Ich sehe das Nicken auf der Regierungsbank und das Klatschen der Union, wahrscheinlich in dem Glauben, ihr wäret daran schuld.
Denn hätten wir beispielsweise nur die Wachstumsraten des Ostseeraums ohne Deutschland, 3,9 %, nicht nur in einem Jahr, sondern in den letzten Jahren und künftig, hätten wir nur die durchschnittlichen Wachstumsraten der Weltwirtschaft mit 4 %, Herr Finanzminister, dann hätten wir weder fiskalische Probleme noch Probleme unserer sozialen Sicherungssysteme.

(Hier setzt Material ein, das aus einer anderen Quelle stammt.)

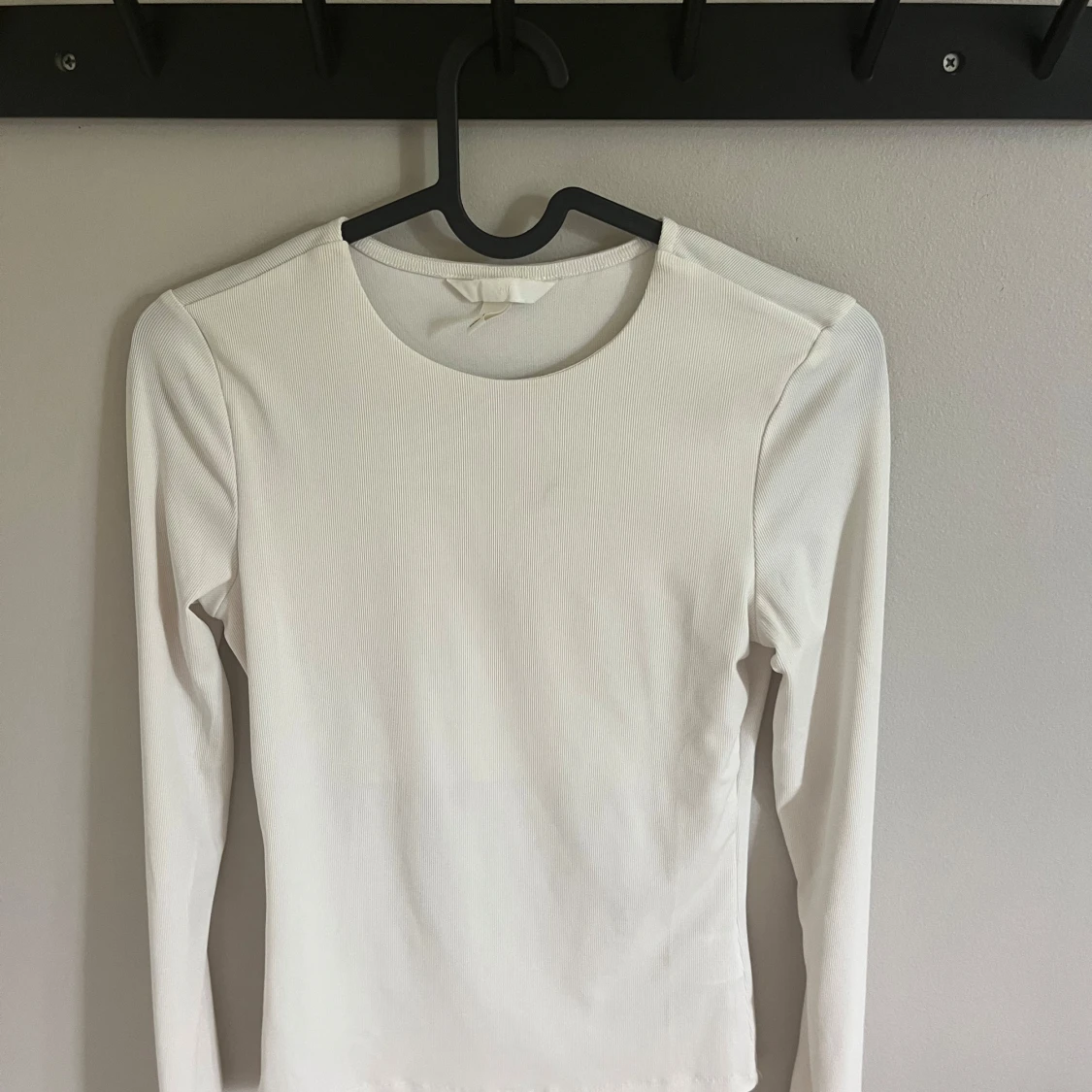 Vit ribbad långärmad topp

Die Frage lautet doch, wie wir die Wachstumsschwäche beseitigen können, in der wir uns befinden.
Wirtschaftsminister Austermann lässt nichts unversucht, die Politik der großen Koalition als Ursache des konjunkturellen Aufschwungs anzupreisen. Dabei wissen alle, dass diese erfreulichen Nachrichten fast nur auf die Konjunktur zurückzuführen sind, nicht jedoch auf die notwendigen strukturellen Veränderungen der deutschen Volkswirtschaft, mithin nicht auf die notwendigen, bisher unterbliebenen Entscheidungen.
In dieser Phase, in der immer mehr Menschen an der Sinnhaftigkeit von Politik zu zweifeln beginnen und auch die Mitarbeiterinnen und Mitarbeiter des öffentlichen Dienstes ihr Vertrauen in ihren Arbeitgeber verloren haben, legt der Finanzminister einen Haushaltsentwurf für die Jahre 2007/2008 vor, den er als den konsequentesten Sparhaushalt anpreist, den je eine Landesregierung - und auch nur unter härtesten Anstrengungen - hat aufstellen können. Herr Finanzminister, insoweit unterscheiden Sie sich von Ihrem Vorgänger nicht. Mit Sparen, Reformieren und Investieren will die große Koalition angeblich den Haushalt ausgleichen, die Massenarbeitslosigkeit abbauen und das Wachstum stärken.